_Extracted records_:
========================================

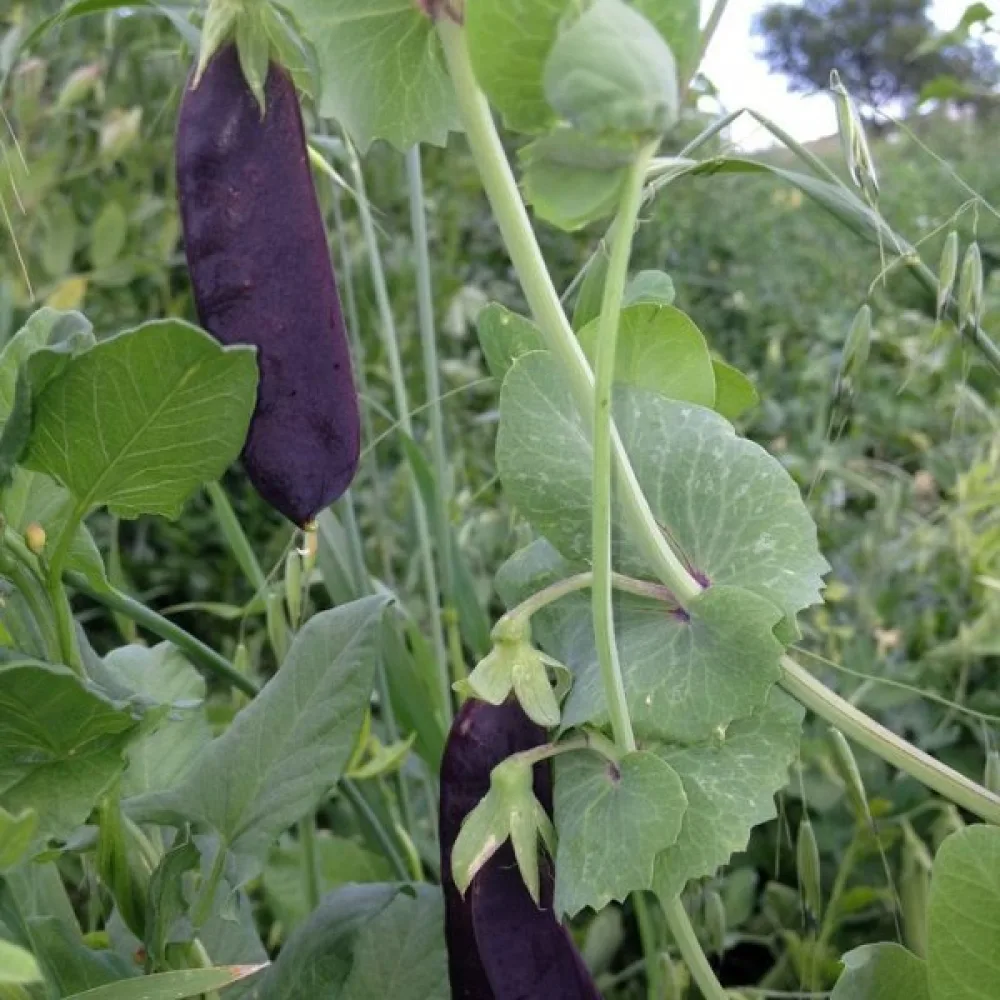 Märgärt 'Ezetha's Krombek Blauwschok'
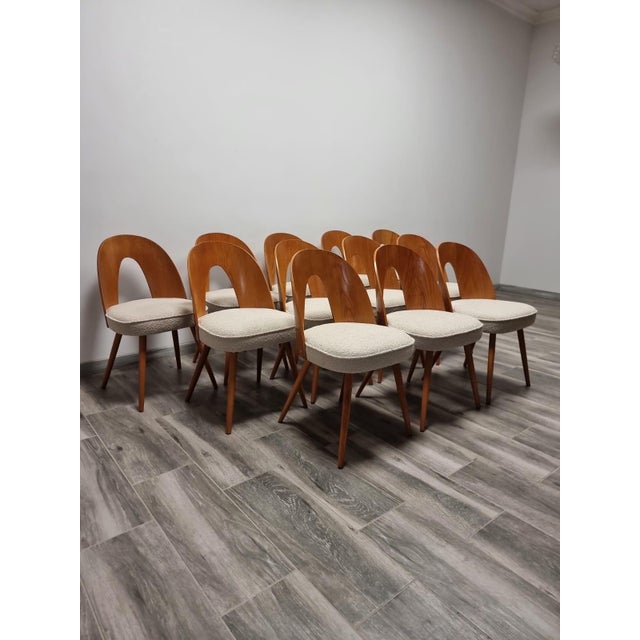 Textile Dining Chairs from Antonin Suman, 1960s, Set of 12 For Sale - Image 7 of 18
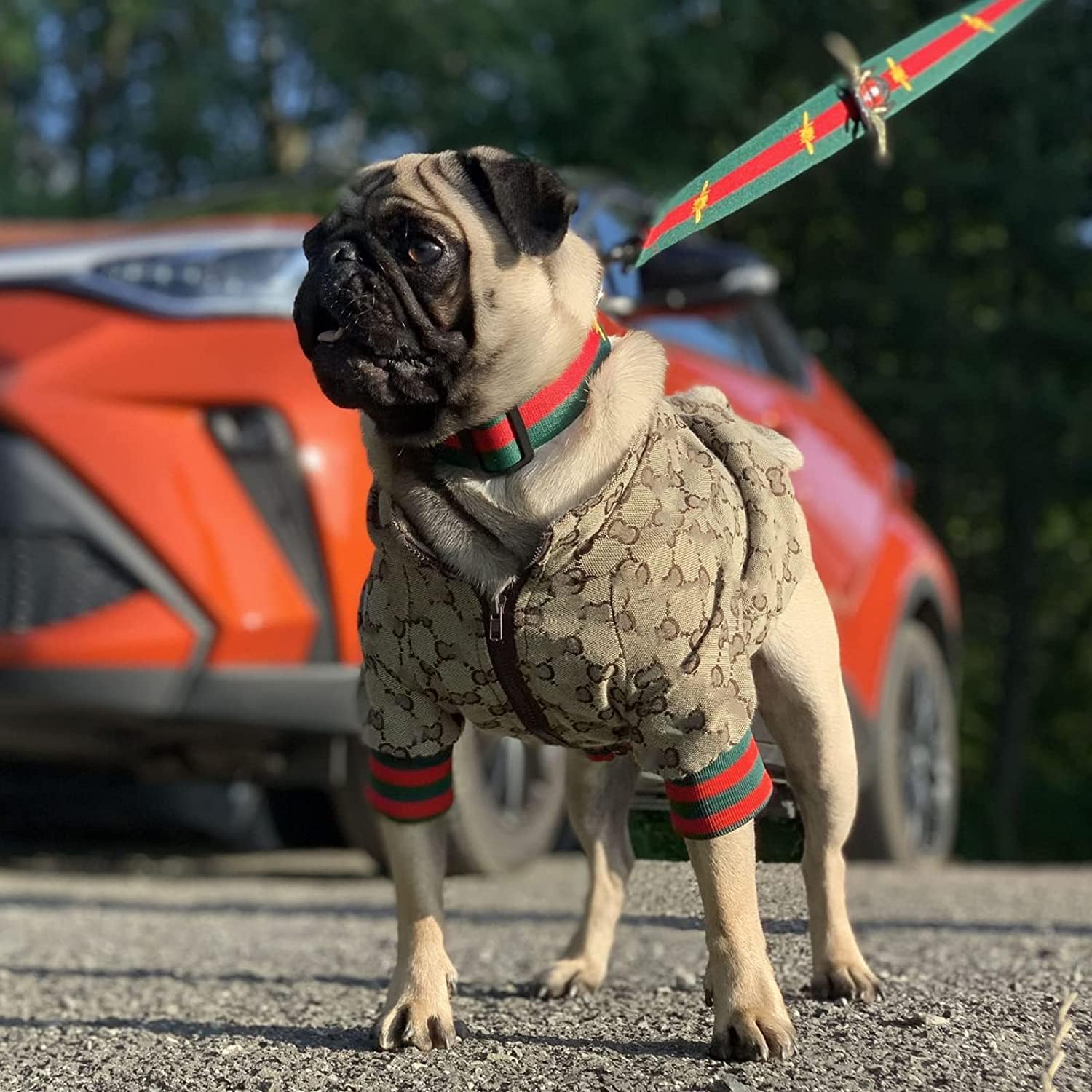 Hqrea Dog Hoodie Luxury Dog Clothes Winter Dog Jacket Classic Designer Small Dog Coats Warm Pet Dog Coat Zipper Design Easy On/Off French Bulldog Teddy Pug Puppy Clothes(S)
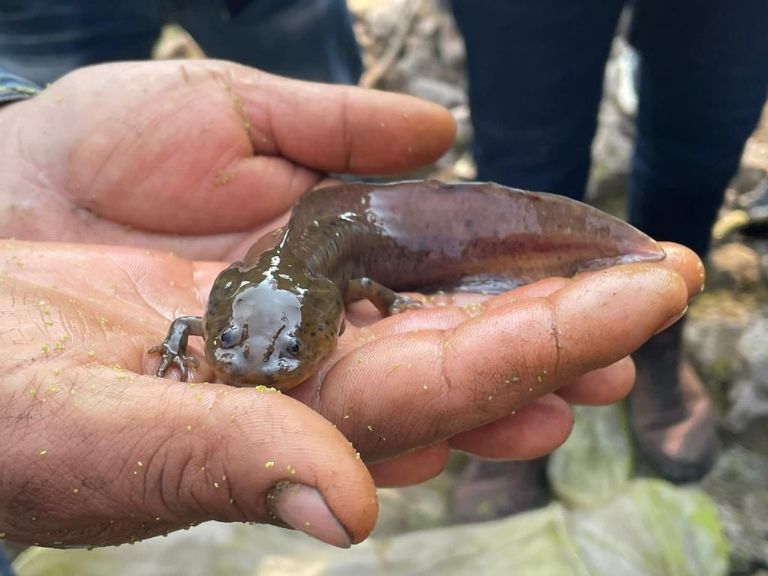 Ajolote atigrado en Edomex 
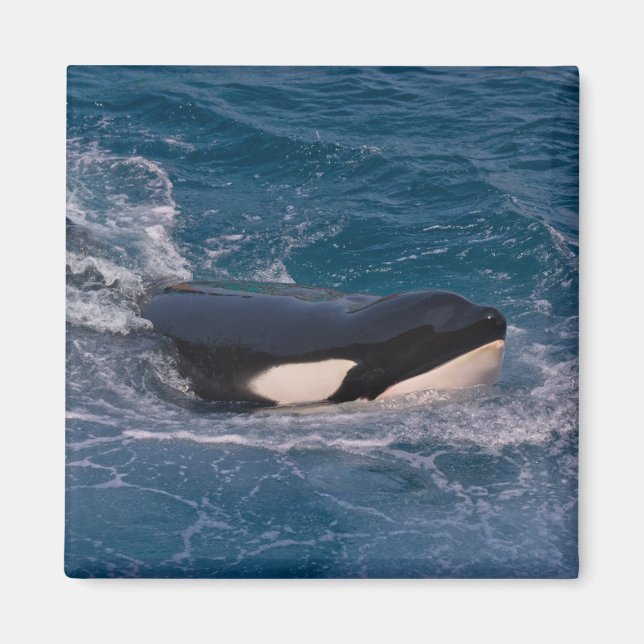 Aimant Bétail tueur nageant (Devant)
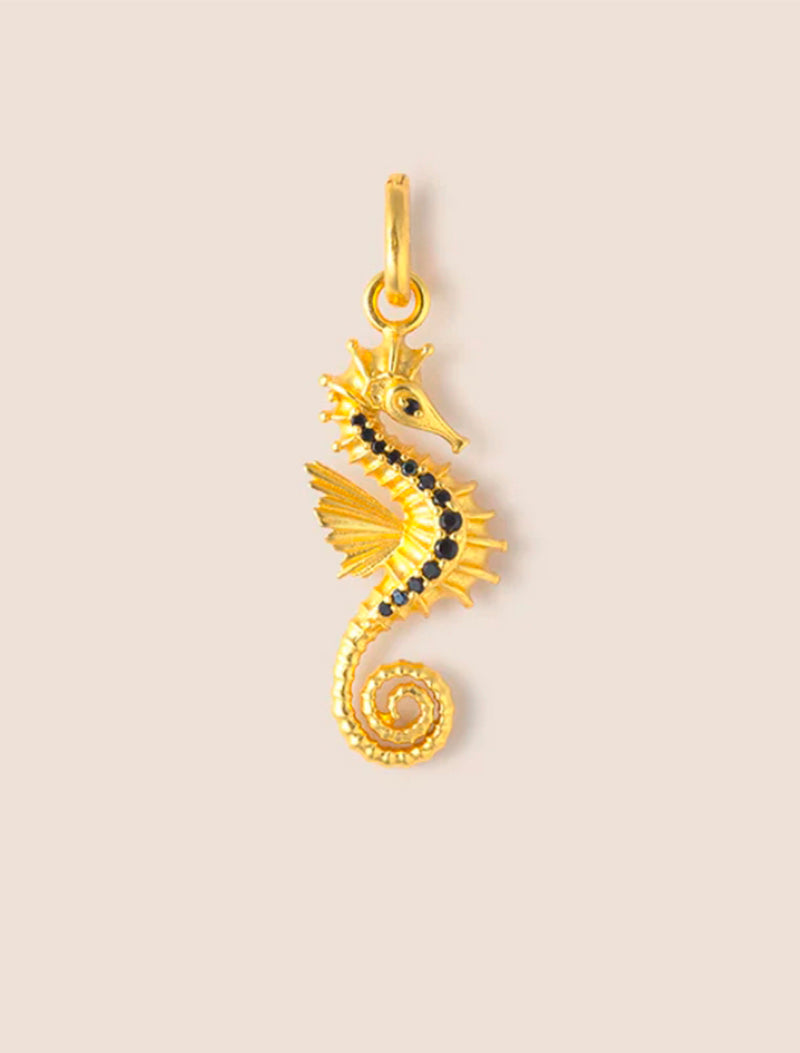 CHARM CABALLITO DE MAR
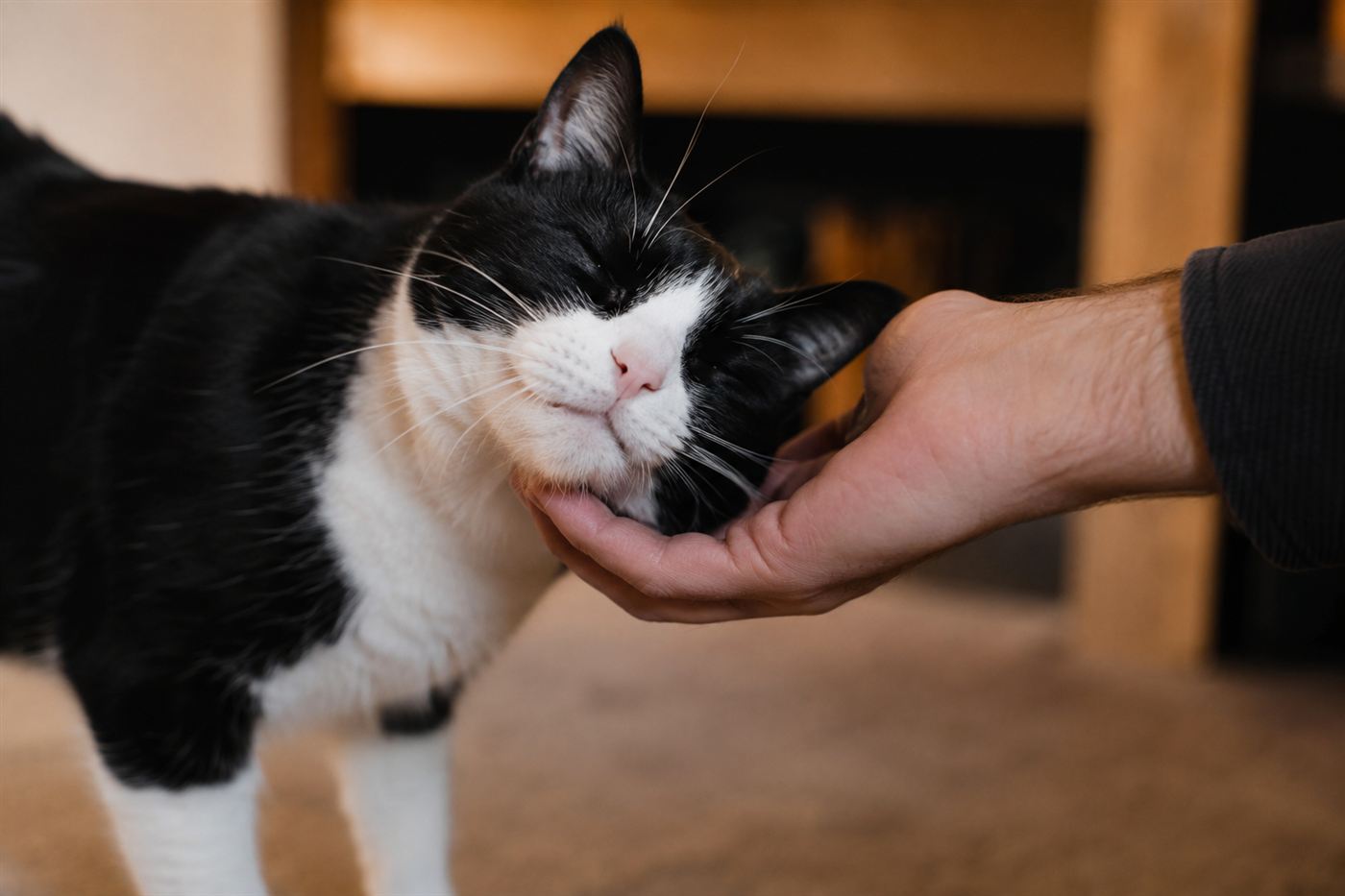 A cat headbutting and rubbing its cheek against its owner's hand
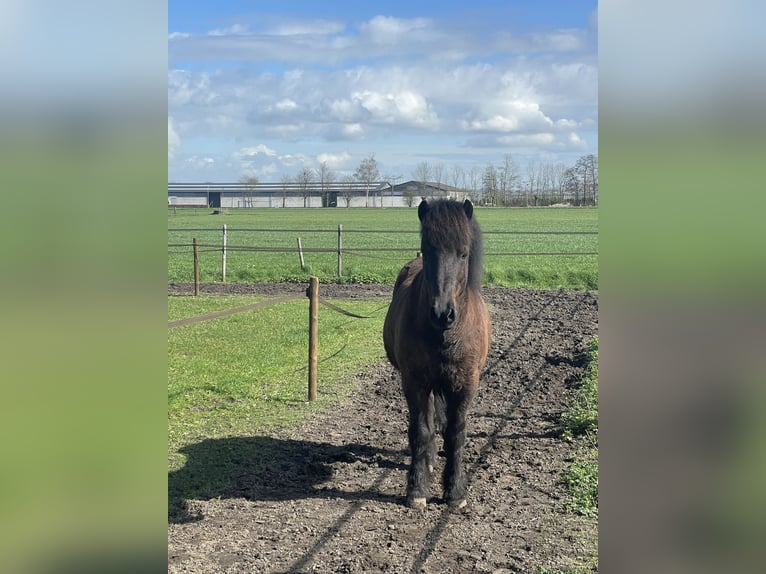 Icelandic Horse Gelding 16 years 13,1 hh Smoky-Black in Oosteind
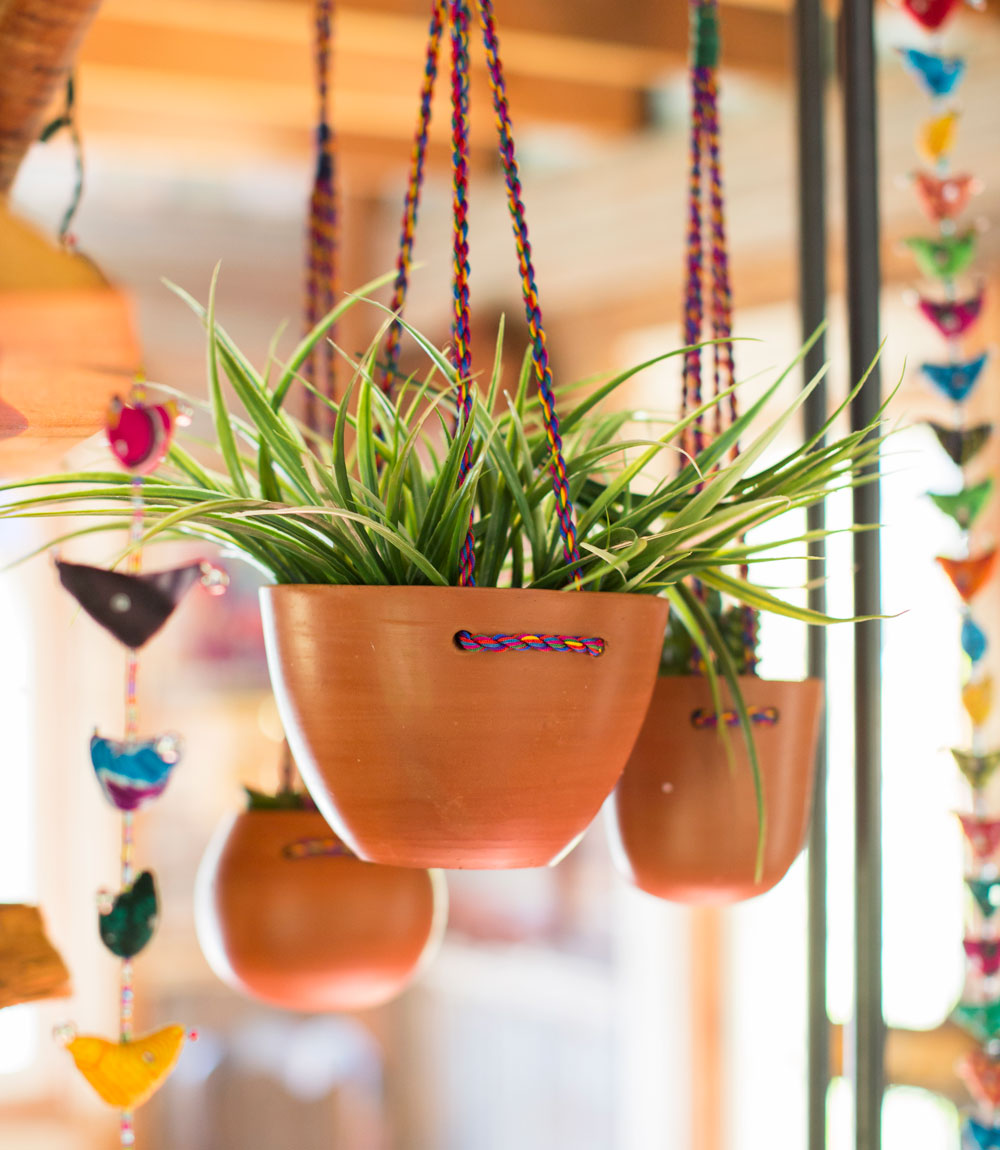 Premium Twist Hanging Planter - Handcrafted Greenery Upgrade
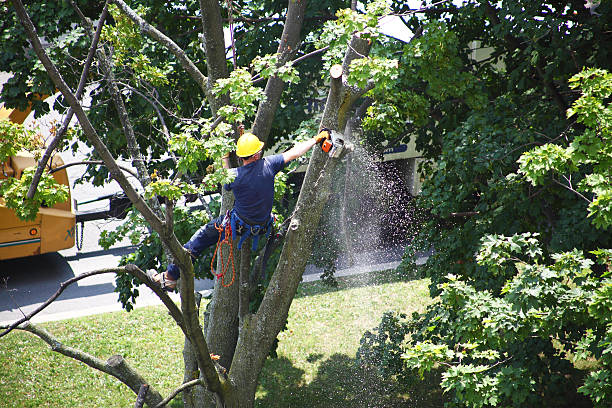 How Our Tree Care Process Works  in  Sunland Park, NM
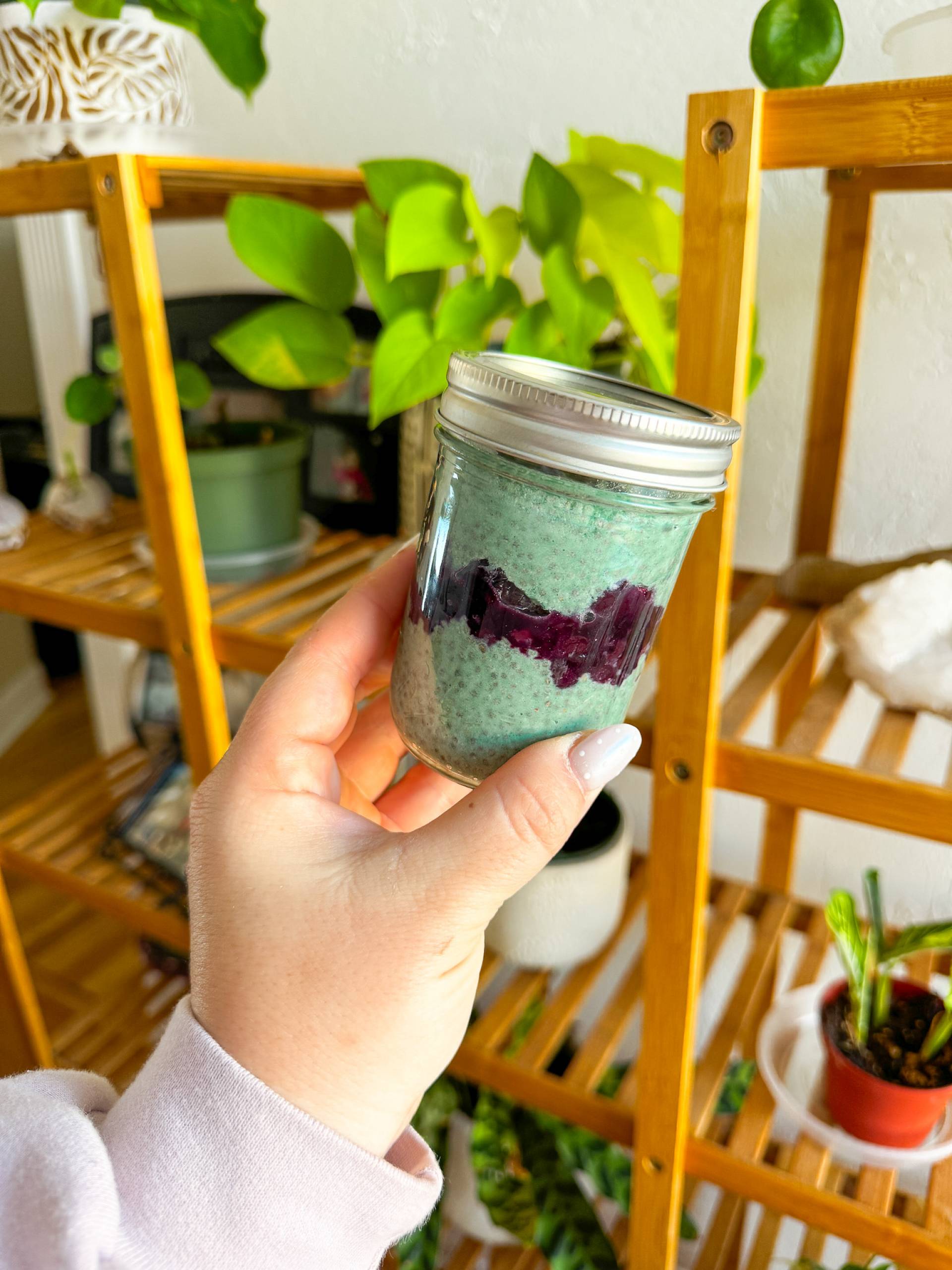 Spirulina Chia Pudding with Blueberry Compote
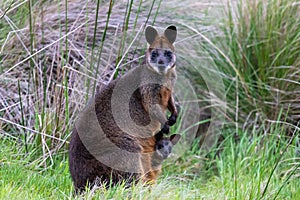 Swamp Wallaby in Victoria, Australia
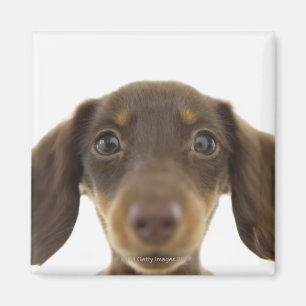 Íman Cão do Wiener (marrom) 2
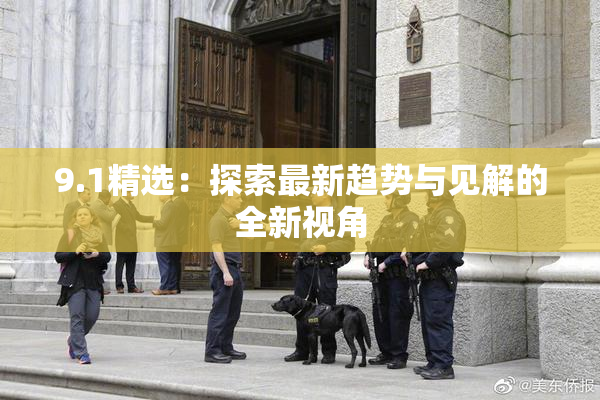 9.1精选：探索最新趋势与见解的全新视角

========================================

Exactly the lines from the one holding "Aimant Bétail tueur nageant (Devant)" through the last line of the entries, both included, are to be duplicated; leave the pictures out.

 Aimant Bétail tueur nageant (Devant)
 CHARM CABALLITO DE MAR
 A cat headbutting and rubbing its cheek against its owner's hand
 Icelandic Horse Gelding 16 years 13,1 hh Smoky-Black in Oosteind
 Premium Twist Hanging Planter - Handcrafted Greenery Upgrade
 How Our Tree Care Process Works  in  Sunland Park, NM
 Spirulina Chia Pudding with Blueberry Compote
 Swamp Wallaby in Victoria, Australia
 Íman Cão do Wiener (marrom) 2
 9.1精选：探索最新趋势与见解的全新视角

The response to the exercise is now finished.